Je voudrais aborder trois points : la dualité « militaire et civile » depuis plus de cinquante ans, le missile M51 et le rôle joué par Airbus DS en en tant que maître d'oeuvre de ce programme et, enfin, la nécessité de maintenir la pérennité des compétences et des technologies que nous avons développées.
Forte de près de cinquante ans de développement continu dans le domaine des lanceurs militaires - missiles balistiques – et lanceurs civils – Ariane – la France développe des compétences de haut niveau dans la maîtrise d'oeuvre globale de systèmes complexes et spécifiques liés au domaine spatial afin d'apporter toute la maîtrise et la crédibilité technique nécessaire à la dissuasion.
En effet, un missile balistique est un petit lanceur qui envoie ses « charges utiles » avec une vitesse de 25 000 kmheure, soit une vitesse légèrement inférieure à celle nécessaire à un lanceur de satellites pour s'affranchir de l'attraction terrestre. La portée du missile dépend directement de la vitesse initiale qui lui est donnée.
La base industrielle construite sur la dualité « civile et militaire » est le fruit d'une politique résolue et inscrite dans la durée, qui a permis à l'industrie française, notamment Airbus DS, société issue de la fusion d'Astrium et d'Aérospatiale, d'atteindre le niveau mondial qui n'existe qu'aux États-Unis, en Russie et maintenant, dans une certaine limite, en Chine.

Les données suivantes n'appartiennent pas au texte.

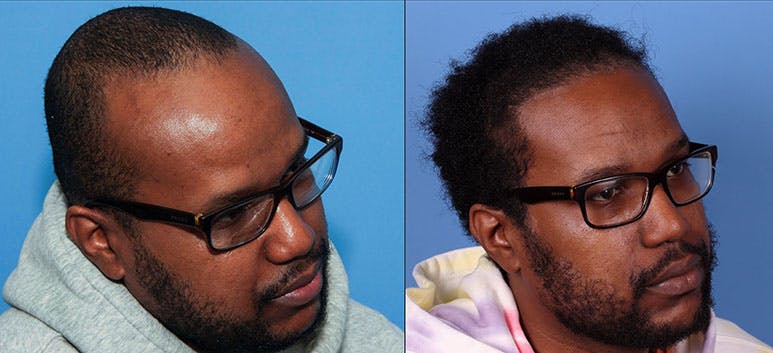 NeoGraft Hair Restoration Before & After Gallery - Patient 121124093 - Image 3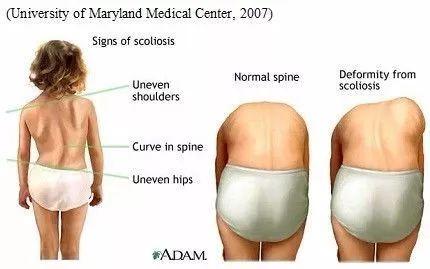 成人脊柱调理手法视频,专业指导,轻松掌握健康之道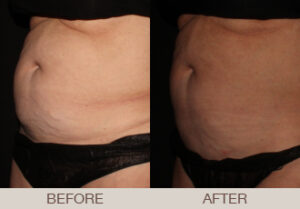 CoolSculpting® Gallery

En effet, depuis 1960 se sont succédé en quasi-alternance les programmes militaires et les programmes civils qui ont permis la mise en place et le maintien d'un socle industriel français efficace. Les principes et les technologies utilisés sont en très grande partie analogues pour un missile balistique et un lanceur spatial.
En conséquence, le fort retour d'expérience de la filière Ariane bénéficie directement à la défense et à la dissuasion. Les 59 succès consécutifs contribuent à la crédibilité du savoir-faire français pour la dissuasion, et la compétitivité commerciale face à la forte concurrence mondiale dans le domaine des lanceurs civils, représentée par la Russie, les États-Unis et la Chine.

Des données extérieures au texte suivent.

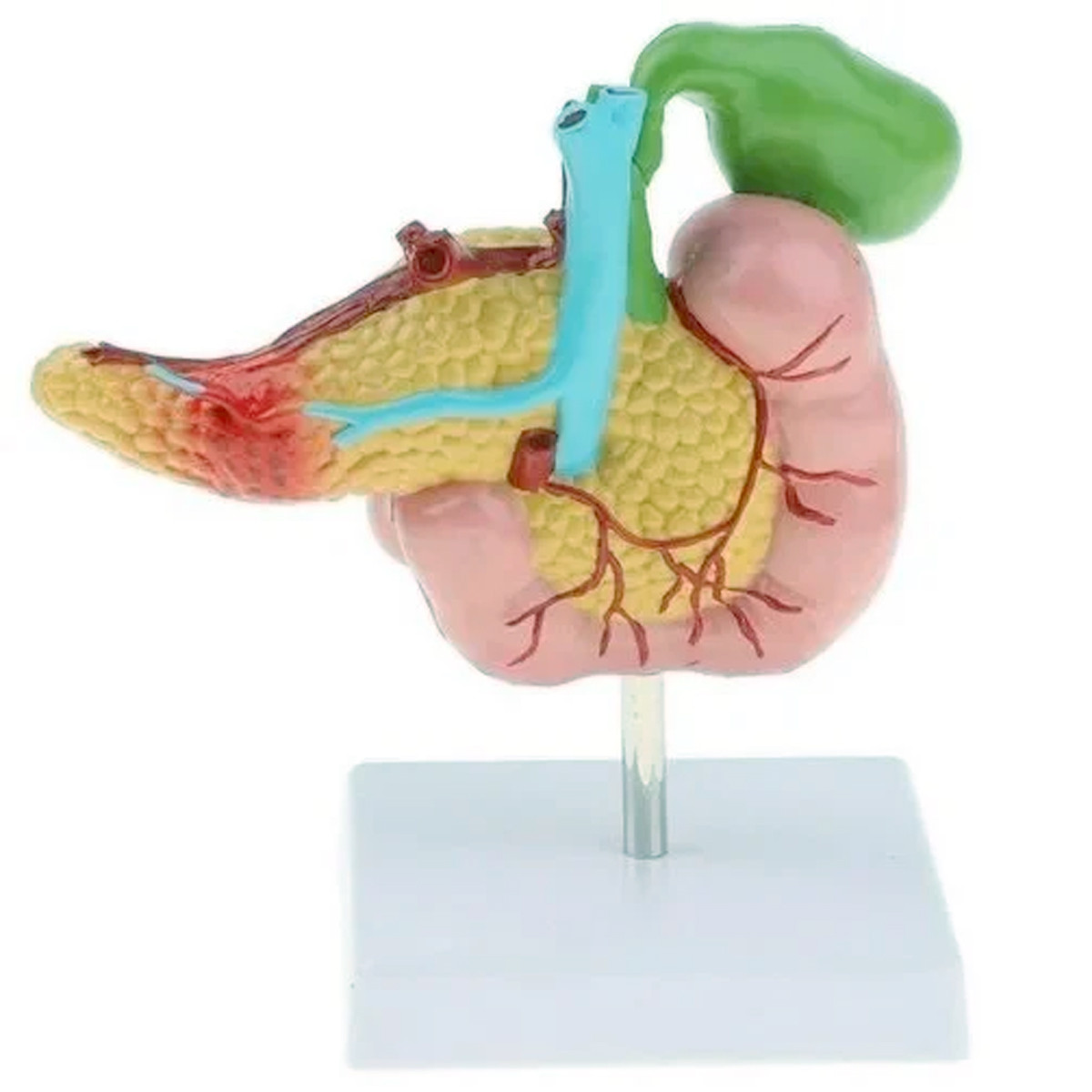 Human Pancreas Spleen Duodenum Gallbladder Pathological  Model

Des compétences spécifiques ont toutefois été développées pour les missiles de la composante océanique stratégique compte tenu de sa spécificité : une phase sous-marine et une phase d'entrée dans l'atmosphère. Pour préserver l'invulnérabilité du SNLE, et donc notre capacité de frappe en second, outre les caractéristiques de discrétion du sous-marin, il faut être capable de lancer en immersion un lot de missiles quasi simultanément - compétence que seuls les États-Unis et la Russie possèdent pour l'instant. Il nous faut assurer une grande portée au missile pour permettre SNLE de se diluer dans une zone maritime très vaste tout en restant capable d'atteindre des objectifs lointains.
Nous devons également garantir le caractère imparable de l'arrivée sur les objectifs des têtes nucléaires. Nous apportons donc des solutions à l'État pour garantir la pénétration des armes du Commissariat à l'énergie atomique (CEA), en tenant compte des spécificités liées à la rentrée dans l'atmosphère et à la prise en compte des défenses anti missiles balistiques.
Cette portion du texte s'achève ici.